─── SUPPLIED INFORMATION

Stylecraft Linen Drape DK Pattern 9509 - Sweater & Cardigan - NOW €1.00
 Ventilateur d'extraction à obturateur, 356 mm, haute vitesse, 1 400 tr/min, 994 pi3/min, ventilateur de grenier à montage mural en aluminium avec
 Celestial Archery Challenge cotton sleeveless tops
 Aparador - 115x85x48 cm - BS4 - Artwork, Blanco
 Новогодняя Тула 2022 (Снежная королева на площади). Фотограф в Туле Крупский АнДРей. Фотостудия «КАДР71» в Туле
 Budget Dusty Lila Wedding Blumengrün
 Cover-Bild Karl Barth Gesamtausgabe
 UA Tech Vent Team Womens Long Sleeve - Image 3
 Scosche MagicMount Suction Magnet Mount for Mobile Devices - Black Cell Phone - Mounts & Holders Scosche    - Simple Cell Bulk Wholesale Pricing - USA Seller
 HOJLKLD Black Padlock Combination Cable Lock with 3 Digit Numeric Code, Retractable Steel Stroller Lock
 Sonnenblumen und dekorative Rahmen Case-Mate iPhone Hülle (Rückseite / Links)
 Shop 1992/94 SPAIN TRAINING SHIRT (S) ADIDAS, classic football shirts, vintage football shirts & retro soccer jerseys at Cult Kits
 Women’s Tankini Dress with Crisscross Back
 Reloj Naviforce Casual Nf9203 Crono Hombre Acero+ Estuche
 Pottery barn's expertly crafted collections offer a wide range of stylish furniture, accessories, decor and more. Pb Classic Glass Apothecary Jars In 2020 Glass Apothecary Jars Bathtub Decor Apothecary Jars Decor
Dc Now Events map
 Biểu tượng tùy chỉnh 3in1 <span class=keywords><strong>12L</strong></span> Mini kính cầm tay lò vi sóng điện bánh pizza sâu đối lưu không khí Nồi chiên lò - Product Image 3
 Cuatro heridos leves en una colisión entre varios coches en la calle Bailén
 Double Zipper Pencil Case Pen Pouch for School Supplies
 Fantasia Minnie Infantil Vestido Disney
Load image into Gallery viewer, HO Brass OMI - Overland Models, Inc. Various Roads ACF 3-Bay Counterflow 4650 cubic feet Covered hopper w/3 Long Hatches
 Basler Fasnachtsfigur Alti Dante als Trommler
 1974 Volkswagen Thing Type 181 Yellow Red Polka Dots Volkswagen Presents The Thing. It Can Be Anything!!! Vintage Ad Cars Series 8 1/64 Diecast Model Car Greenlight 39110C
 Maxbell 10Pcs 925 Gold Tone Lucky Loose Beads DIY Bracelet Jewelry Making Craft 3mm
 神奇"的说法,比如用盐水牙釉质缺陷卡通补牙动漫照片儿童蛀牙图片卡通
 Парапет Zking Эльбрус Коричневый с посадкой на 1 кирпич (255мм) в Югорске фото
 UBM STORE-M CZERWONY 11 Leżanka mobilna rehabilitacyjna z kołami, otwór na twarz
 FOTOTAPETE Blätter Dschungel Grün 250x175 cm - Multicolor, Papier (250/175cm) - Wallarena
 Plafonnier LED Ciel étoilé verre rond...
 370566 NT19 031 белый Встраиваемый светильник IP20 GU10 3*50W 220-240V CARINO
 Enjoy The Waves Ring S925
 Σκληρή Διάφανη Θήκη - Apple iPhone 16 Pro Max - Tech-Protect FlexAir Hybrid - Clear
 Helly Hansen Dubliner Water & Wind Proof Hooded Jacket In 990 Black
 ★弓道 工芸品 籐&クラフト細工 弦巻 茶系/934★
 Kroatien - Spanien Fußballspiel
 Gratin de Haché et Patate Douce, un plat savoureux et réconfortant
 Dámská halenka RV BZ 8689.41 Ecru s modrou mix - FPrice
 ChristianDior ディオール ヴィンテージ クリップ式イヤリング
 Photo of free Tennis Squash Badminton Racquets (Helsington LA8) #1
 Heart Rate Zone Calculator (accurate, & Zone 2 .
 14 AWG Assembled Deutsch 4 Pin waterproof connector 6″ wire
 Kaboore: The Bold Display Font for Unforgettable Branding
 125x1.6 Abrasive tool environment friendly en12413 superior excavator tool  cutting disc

──────

=== REQUIREMENT ===
Please copy, word for word, every line from the first line of the records through the line containing "Aparador - 115x85x48", with both of those lines included and nothing else.

=== RESPONSE FOR THIS EXERCISE ===
Stylecraft Linen Drape DK Pattern 9509 - Sweater & Cardigan - NOW €1.00
 Ventilateur d'extraction à obturateur, 356 mm, haute vitesse, 1 400 tr/min, 994 pi3/min, ventilateur de grenier à montage mural en aluminium avec
 Celestial Archery Challenge cotton sleeveless tops
 Aparador - 115x85x48 cm - BS4 - Artwork, Blanco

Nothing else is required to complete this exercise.